> _YOUR TASK_: Only the lines from the one containing "WORLDS GREATEST COMEDIAN" to the end of the records belong in the output; print them exactly.

> _INPUT FOR THIS TASK_:
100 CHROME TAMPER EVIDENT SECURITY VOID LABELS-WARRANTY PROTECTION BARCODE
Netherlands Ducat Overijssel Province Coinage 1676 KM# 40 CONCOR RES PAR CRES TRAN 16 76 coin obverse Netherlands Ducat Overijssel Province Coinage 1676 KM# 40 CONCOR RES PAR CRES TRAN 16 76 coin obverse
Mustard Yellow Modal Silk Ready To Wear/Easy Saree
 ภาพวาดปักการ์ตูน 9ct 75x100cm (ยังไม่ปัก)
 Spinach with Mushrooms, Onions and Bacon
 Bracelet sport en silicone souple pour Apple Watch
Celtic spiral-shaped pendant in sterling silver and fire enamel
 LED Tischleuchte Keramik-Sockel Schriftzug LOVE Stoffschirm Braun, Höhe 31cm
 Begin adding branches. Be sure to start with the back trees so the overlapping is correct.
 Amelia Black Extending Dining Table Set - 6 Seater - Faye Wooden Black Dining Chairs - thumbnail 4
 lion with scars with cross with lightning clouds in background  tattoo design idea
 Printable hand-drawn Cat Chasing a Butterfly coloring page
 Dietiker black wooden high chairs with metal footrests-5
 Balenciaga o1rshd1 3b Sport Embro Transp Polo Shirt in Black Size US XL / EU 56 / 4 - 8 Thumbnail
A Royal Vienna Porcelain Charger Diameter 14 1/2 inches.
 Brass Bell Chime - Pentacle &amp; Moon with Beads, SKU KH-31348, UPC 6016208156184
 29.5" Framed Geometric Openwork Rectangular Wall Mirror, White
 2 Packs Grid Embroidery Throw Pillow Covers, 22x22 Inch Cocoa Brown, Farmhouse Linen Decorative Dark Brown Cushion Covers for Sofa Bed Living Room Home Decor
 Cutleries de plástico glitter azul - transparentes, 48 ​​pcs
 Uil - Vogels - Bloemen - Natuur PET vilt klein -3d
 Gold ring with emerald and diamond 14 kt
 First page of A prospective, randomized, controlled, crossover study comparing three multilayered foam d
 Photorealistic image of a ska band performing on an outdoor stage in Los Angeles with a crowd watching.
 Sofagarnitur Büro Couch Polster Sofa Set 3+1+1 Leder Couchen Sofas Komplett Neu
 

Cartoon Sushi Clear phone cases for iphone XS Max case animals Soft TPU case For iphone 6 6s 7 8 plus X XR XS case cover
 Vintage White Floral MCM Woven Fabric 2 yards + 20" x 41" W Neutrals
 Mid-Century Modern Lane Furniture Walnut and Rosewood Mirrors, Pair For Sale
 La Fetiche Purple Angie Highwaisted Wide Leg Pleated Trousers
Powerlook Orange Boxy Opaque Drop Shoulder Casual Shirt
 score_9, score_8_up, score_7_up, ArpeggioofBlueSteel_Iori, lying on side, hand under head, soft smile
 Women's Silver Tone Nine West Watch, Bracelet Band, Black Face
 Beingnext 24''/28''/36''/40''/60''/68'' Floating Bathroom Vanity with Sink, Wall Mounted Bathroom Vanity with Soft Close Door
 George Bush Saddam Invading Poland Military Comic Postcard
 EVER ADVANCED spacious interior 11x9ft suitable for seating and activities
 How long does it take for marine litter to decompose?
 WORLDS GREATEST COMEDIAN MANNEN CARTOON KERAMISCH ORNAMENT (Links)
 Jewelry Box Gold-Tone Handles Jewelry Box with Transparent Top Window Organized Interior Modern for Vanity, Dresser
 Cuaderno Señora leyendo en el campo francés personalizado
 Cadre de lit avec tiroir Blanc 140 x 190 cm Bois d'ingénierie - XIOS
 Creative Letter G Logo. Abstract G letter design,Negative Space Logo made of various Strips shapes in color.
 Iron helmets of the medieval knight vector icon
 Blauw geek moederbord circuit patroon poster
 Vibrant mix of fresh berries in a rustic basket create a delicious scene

> _THE COMPLETED TASK_:
 WORLDS GREATEST COMEDIAN MANNEN CARTOON KERAMISCH ORNAMENT (Links)
 Jewelry Box Gold-Tone Handles Jewelry Box with Transparent Top Window Organized Interior Modern for Vanity, Dresser
 Cuaderno Señora leyendo en el campo francés personalizado
 Cadre de lit avec tiroir Blanc 140 x 190 cm Bois d'ingénierie - XIOS
 Creative Letter G Logo. Abstract G letter design,Negative Space Logo made of various Strips shapes in color.
 Iron helmets of the medieval knight vector icon
 Blauw geek moederbord circuit patroon poster
 Vibrant mix of fresh berries in a rustic basket create a delicious scene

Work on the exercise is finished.